### Problem to solve
Output each line from the one that contains "this 400×267 image." to the final line of the data below, exactly, and include nothing else.

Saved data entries
........

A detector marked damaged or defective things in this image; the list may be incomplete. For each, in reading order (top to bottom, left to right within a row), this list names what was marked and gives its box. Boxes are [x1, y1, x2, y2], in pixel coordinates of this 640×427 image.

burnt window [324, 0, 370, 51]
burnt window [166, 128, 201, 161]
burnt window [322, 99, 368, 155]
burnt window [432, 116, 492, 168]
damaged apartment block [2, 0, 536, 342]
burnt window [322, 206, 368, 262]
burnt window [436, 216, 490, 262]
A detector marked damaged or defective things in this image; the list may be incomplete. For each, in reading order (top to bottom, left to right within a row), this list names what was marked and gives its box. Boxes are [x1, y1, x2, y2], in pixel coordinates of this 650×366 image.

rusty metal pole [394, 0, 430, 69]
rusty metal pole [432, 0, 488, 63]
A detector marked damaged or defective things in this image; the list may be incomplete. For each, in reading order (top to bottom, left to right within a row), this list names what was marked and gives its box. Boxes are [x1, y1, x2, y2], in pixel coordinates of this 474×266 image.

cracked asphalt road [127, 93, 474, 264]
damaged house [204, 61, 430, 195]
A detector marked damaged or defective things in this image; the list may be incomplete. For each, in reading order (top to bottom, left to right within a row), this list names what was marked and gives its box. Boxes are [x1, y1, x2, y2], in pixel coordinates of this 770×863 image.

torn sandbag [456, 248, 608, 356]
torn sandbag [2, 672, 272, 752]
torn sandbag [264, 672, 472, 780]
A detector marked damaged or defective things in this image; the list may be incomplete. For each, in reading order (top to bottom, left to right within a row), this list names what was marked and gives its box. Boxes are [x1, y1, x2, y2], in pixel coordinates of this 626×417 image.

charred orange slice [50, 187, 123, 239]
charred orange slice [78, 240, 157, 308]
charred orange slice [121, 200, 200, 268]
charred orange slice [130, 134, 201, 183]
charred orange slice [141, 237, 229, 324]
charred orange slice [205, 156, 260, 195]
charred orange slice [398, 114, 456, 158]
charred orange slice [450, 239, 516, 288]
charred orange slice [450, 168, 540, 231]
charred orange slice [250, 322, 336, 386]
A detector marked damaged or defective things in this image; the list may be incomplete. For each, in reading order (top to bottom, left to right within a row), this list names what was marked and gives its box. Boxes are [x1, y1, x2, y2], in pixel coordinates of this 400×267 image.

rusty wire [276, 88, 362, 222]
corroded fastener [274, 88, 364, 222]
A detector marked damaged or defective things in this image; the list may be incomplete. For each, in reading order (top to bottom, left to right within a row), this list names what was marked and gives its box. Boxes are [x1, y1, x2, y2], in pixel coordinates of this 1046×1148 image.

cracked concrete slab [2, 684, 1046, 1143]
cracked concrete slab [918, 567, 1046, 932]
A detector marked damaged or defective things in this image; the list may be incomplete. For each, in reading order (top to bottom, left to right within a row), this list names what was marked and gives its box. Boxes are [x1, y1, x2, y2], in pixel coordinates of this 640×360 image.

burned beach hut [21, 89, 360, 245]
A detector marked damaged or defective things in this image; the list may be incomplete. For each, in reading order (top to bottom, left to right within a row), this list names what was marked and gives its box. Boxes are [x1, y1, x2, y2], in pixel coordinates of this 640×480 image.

........

### Response
A detector marked damaged or defective things in this image; the list may be incomplete. For each, in reading order (top to bottom, left to right within a row), this list names what was marked and gives its box. Boxes are [x1, y1, x2, y2], in pixel coordinates of this 400×267 image.

rusty wire [276, 88, 362, 222]
corroded fastener [274, 88, 364, 222]
A detector marked damaged or defective things in this image; the list may be incomplete. For each, in reading order (top to bottom, left to right within a row), this list names what was marked and gives its box. Boxes are [x1, y1, x2, y2], in pixel coordinates of this 1046×1148 image.

cracked concrete slab [2, 684, 1046, 1143]
cracked concrete slab [918, 567, 1046, 932]
A detector marked damaged or defective things in this image; the list may be incomplete. For each, in reading order (top to bottom, left to right within a row), this list names what was marked and gives its box. Boxes are [x1, y1, x2, y2], in pixel coordinates of this 640×360 image.

burned beach hut [21, 89, 360, 245]
A detector marked damaged or defective things in this image; the list may be incomplete. For each, in reading order (top to bottom, left to right within a row), this list names what was marked and gives its box. Boxes are [x1, y1, x2, y2], in pixel coordinates of this 640×480 image.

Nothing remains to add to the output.